The data.
┌──

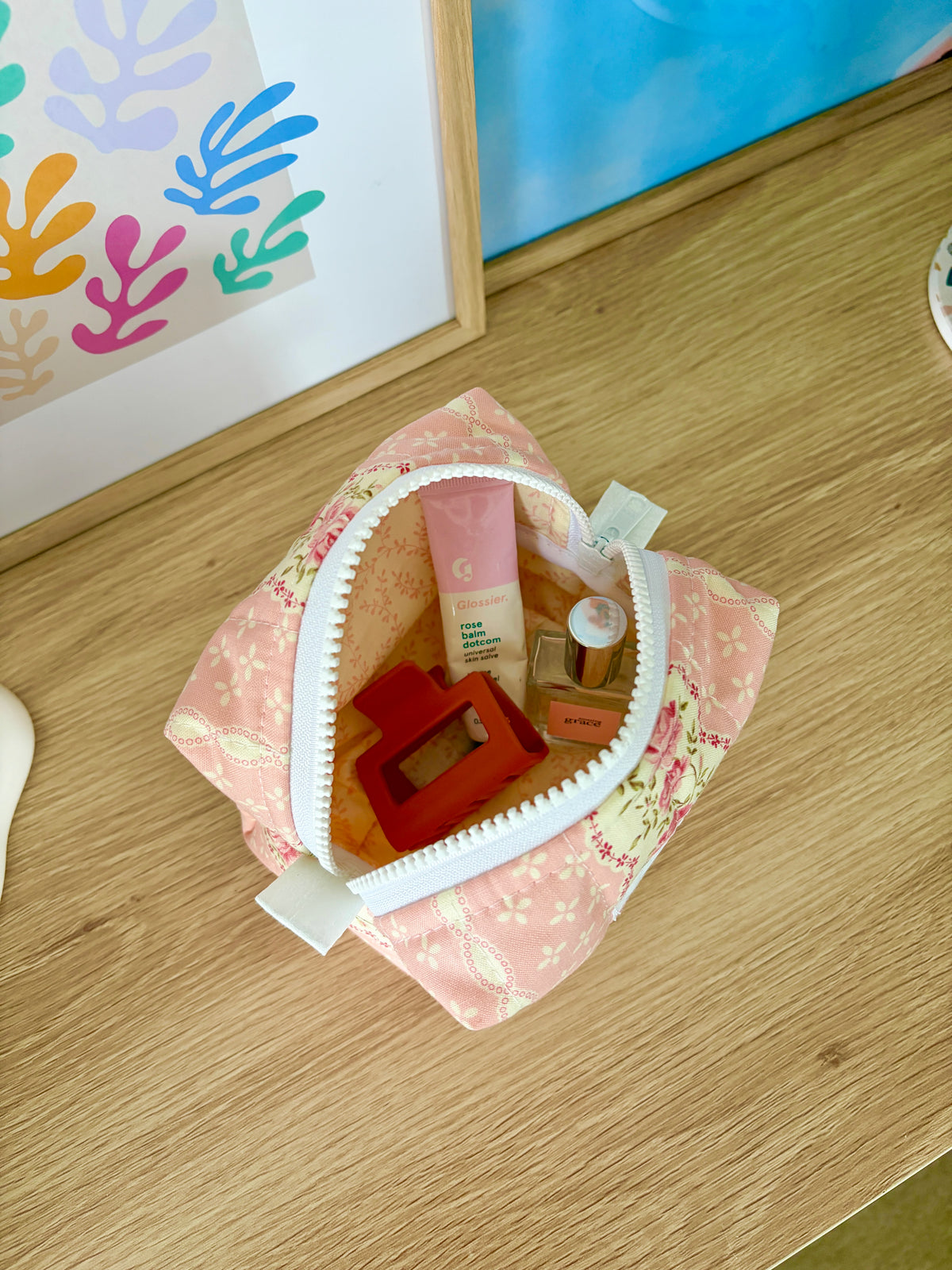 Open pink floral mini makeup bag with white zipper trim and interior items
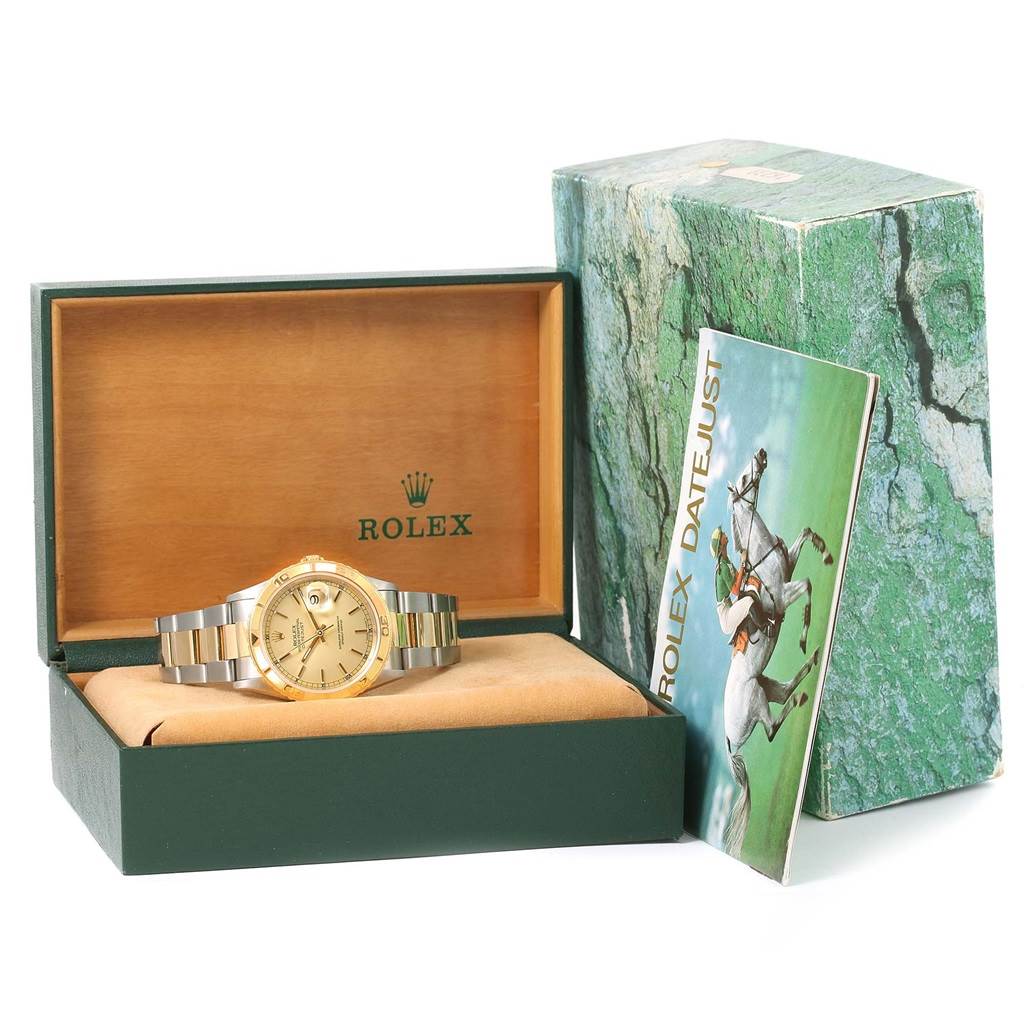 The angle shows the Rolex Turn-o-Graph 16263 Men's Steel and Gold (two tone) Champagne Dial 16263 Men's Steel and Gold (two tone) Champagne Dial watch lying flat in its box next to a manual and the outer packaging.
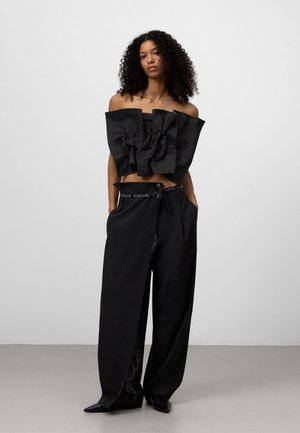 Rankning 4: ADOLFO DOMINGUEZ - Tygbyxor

└──

Directions. Without including any pictures, set down word for word every line from the one containing "The angle shows" through the last line of the material.

Expected answer.
 The angle shows the Rolex Turn-o-Graph 16263 Men's Steel and Gold (two tone) Champagne Dial 16263 Men's Steel and Gold (two tone) Champagne Dial watch lying flat in its box next to a manual and the outer packaging.
 Rankning 4: ADOLFO DOMINGUEZ - Tygbyxor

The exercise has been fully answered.